When casting from a crowded beach, the last thing you need is a crack-off. You must use a shock leader to prevent this happening.

As a rule of thumb, the breaking strain of the shock leader should be ten times the weight of the lead (in ounces) in pounds, if you see what I mean. That is, for a 4oz weight use a 40lb shock leader, for a 6oz weight use a 60lb shock leader and so on.

Not only should the shock leader be of adequate strength, it should also be low stretch - which sounds strange for something intended to absorb shock. The reason is because the dynamics of long casting requires that all of your energy is transferred into compressing the rod.

If the line is capable of stealing some of this energy by stretching, then your rod will get less of it and your casts will be shorter.

Which is why specialised shock leaders of either nylon monofilament or fluorocarbon are manufactured with the required balance of high strength, small diameter and low stretch.


Terminal Tackle for Shore Fishing

The essence of a good terminal rig for shore fishing is that it should:~

  • follow a proven design that prevents it from tangling during the cast and on the retrieve, and
  • be aerodynamic and not flap around during flight, enabling long casts to be made when these are required.

If the ultimate long-range casting isn't an issue, two baited hooks will lay down a more intense scent trail than one.
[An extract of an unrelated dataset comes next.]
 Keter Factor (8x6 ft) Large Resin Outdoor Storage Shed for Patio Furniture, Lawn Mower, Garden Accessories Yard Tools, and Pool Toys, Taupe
A three-hook rig may be even better - but no more, or you'll be asking for tangles and hang-ups on the retrieve. As a general rule, use a single-hook rig on broken ground and save the multi-hook rig for clear, snag-free seabeds.

Not sure how to make the various terminal tackle rigs up? Then cheat!

How? Buy one of each sort that you'll be likely to use from your tackle supplier - and copy them shamelessly.

These are the main ones for shore fishing with bait:~

  • The Running Ledger Rig, made up with a flowing trace of a length appropriate to the strength of the tide and equipped with one, two or three hooks.
  • The Flapper or Paternoster Rig, usually made up with three hooks on snoods (or droppers) formed by cut snood loops, three-way swivels or beads and crimps.
  • The Pulley Rig, designed for fishing over rough ground.
  • The Rotten Bottom Rig, for fishing over rough ground providing you're willing to sacrifice your sinker if you get hung up.
  • The Float Fishing Rig.

For better bait presentation, make use of the two-hook Pennel Rig for larger baits.

Two of the knots you'll definitely need to know if you're to make up these shore fishing rigs successfully are the Uni-Knot and the Dropper Loop.


All the Other Stuff ...

How much shore fishing equipment you need to lug around depends on your chosen technique. For example, you could:~

  • travel light with a lure casting outfit, carrying everything else you may need in a tackle bag, or
  • load yourself down with a couple of surf rods, a rod rest, a shelter etc with all the rest of the paraphernalia in a large tack box-cum-seat.

My guess is that this latter approach will leave you fairly static on the shore, and probably not too far from where you parked the car!